Bishop’s madness, 1999
“ Giatros thanatos ”, c’est-à-dire le médecin de la mort. C’est ainsi que les employés du Sanatorium d’Agiassos surnomment le médecin responsable des patients de 1996 à 1997. Selon ce personnel du Sanatorium, le nombre de patients pendant cette période a chuté de 122 à 77 : 45 décès quand la moyenne annuelle était de 9. Selon les ordonnances, ce médecin aurait prescrit à ses patients des doses létales de tranquillisants. Les 45 morts ne figurent pas dans les déclarations de décès du Sanatorium.
Le Sanatorium n’a pas le statut d’hôpital psychiatrique mais la majorité des patients internés, par assimilation, le sont à cause de leurs “ troubles psychiatriques ”. Actuellement les 87 retraités, aveugles, handicapés physiques et mentaux, schizophrènes et psychopathes sont parqués ensemble dans des conditions inacceptables.
Le Sanatorium, comme d’autres institutions sociales, est dirigé par l’un des trois évêques de l’île de Mytilène, dans la mer Egée en Grèce. Les habitants de la région d’Agiassos, la ville dont dépend le Sanatorium, partagent de fortes croyances religieuses, ils vénèrent et craignent à la fois cet évêque tout puissant qui détient et contrôle autant le pouvoir temporel que spirituel sur ses sujets. Dans cette région isolée, qui fonctionne selon des règles féodales, tout procède de l’évêque, la vie comme la mort.

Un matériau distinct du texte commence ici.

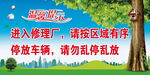 停车牌  温馨提示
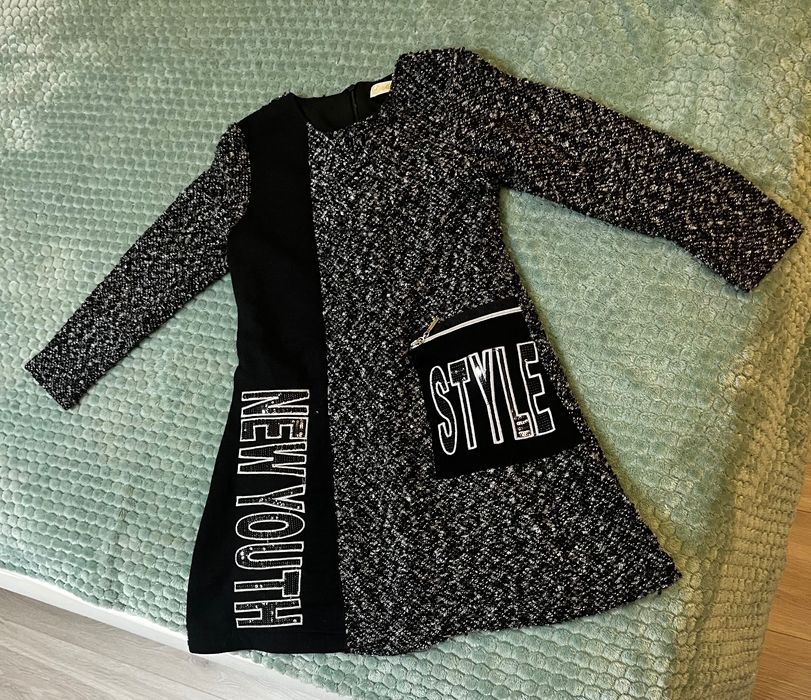 Детски комплекти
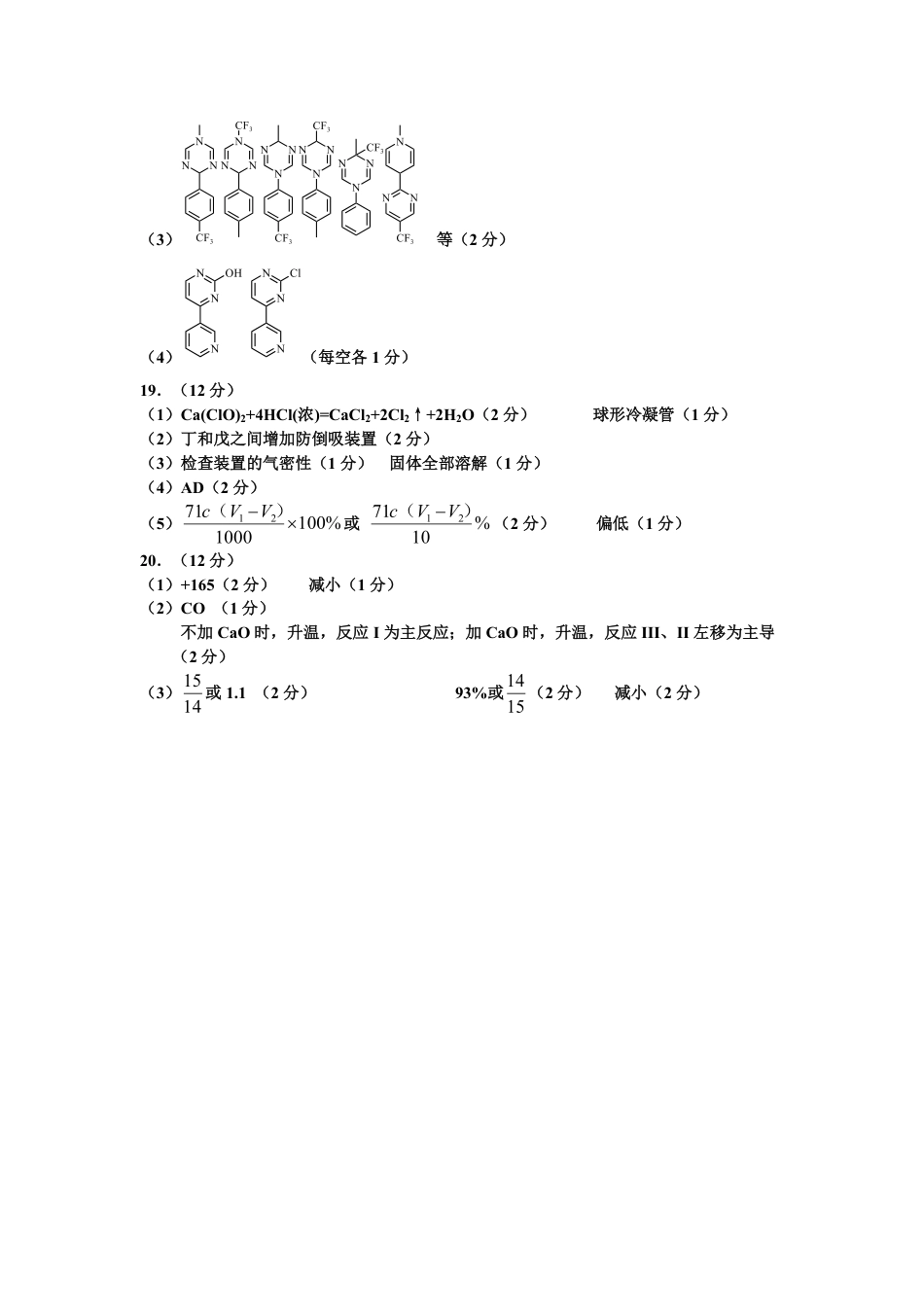 淄博市2025-2026学年度高三模拟考试 化学答案(1).pdf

En 1995, le Sanatorium a accueilli trente nouveaux employés qui, pour la première fois, ne venaient pas de la région d’Agiassos. Ils décident d’écrire au conseil (présidé par l’évêque) qui gère le Sanatorium, une lettre décrivant les conditions de vie épouvantables des patients dans l’espoir qu’elles puissent être améliorées. La réponse fut abrupte, un mois plus tard, l’évêque menaça que si les employés ne lui demandaient pas pardon pour avoir osé écrire cette lettre, ils seraient tous licenciés, perdant ainsi leur précieux statut de fonctionnaire, qui en Grèce est une garantie de sécurité pour la vie. Les trente nouveaux employés du Sanatorium ont donc présenté leurs excuses.
L’église orthodoxe influence encore aujourd’hui une grande partie de la vie sociale, économique et politique en Grèce. Le Sanatorium d’Agiassos est un exemple de l’étendue du pouvoir de l’église et de ses abus.